È questa l’accusa mossa nei confronti di 11 persone, arrestate ieri (cinque in carcere e sei ai domiciliari) nell’operazione “Albacares”, dopo le indagini coordinate dalla Procura di Trani. Coinvolte anche altre sette persone, per cui sono state eseguite misure cautelari (cinque divieti e due obblighi di dimora)
A finire nei guai, i vertici di due imprese ittiche di Bisceglie, la Ittica Zu Pietro Srl e la Izp processing, ma anche un laboratorio analisi e una società di consulenza e certificazioni di Avellino.
Tutti rispondono, a vario titolo, di associazione a delinquere finalizzata all’adulterazione di sostanze alimentari, frode in commercio e falsità ideologica commessa dal privato in atto pubblico. Le due aziende ittiche – per le quali è stato nominato un amministratore giudiziario – sono state sequestrate, così come la somma di 5,2 milioni, ritenuta il provento dell’attività illecita.

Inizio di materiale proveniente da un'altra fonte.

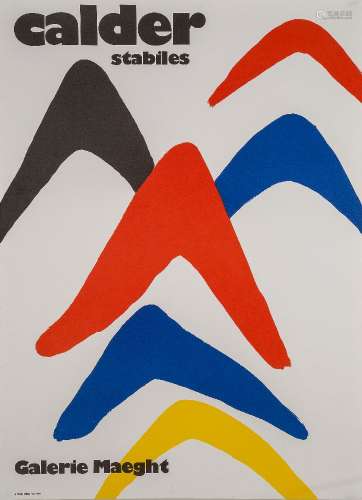 Alexander Calder, American 1898-1976- Stabiles, c.1970s; the original lithographic poster in colours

Le indagini sarebbero partite dopo una serie di intossicazioni alimentari, in tutta Italia, dopo cene al ristorante o dopo la consumazione del pesce acquistato nelle pescherie. Tra queste anche cinque intossicazioni registrate proprio a Bitonto.
Grazie alle perquisizioni nelle aziende ittiche, eseguite dai carabinieri del Nucleo Antisofisticazioni Sanitarie di Bari (NAS), con i colleghi di Napoli, Taranto, Foggia, Campobasso e Salierno, si sarebbe scoperto che il pesce, arrivato dalla Spagna, prima di essere messo in commercio dall’azienda biscegliese, era stato decongelato e adulterato con nitriti e nitrati, sostanze non consentite, che ne esaltavano l’aspetto, ma di fatto rendevano il prodotto nocivo per i consumatori.
L’alterazione, però, non si riscontrava nelle analisi, effettuate da un laboratorio privato e accreditato di Avellino. Secondo gli investigatori, gli indagati spesso falsificavano direttamente i certificati redatti da altri laboratori accreditati, non conniventi, in modo da non far risultare la presenza delle sostanze utilizzate per “truccare” il pesce. In un caso, è stato tratto in errore persino il Servizio Veterinario della Asl Bt, che revocò un’azione esecutiva di verifica sull’azienda, verifica imposta dopo l’allerta comunitaria attivata dalla Slovenia, per la presenza di elevati valori di tali sostanze in alcuni campioni di tonno in commercio.
Ad essere truccati erano in particolare il tonno e il salmone, che, pur essendo congelato, veniva venduto come fresco. Inoltre, i Carabinieri avrebbero scoperto che chili e chili di preparazioni a base di pesce, lavorate presso un’altra azienda degli arrestati, erano realizzate utilizzando prodotti ittici scaduti. In un altro caso è stata trovata una partita di tonno contaminata con alti livelli di istamina, un composto che, se ingerito in grossi quantitativi, può provocare gravi reazioni. Le sostanze vietate sono state tutte trovate in un deposito nel quale erano stoccate per essere utilizzate al bisogno.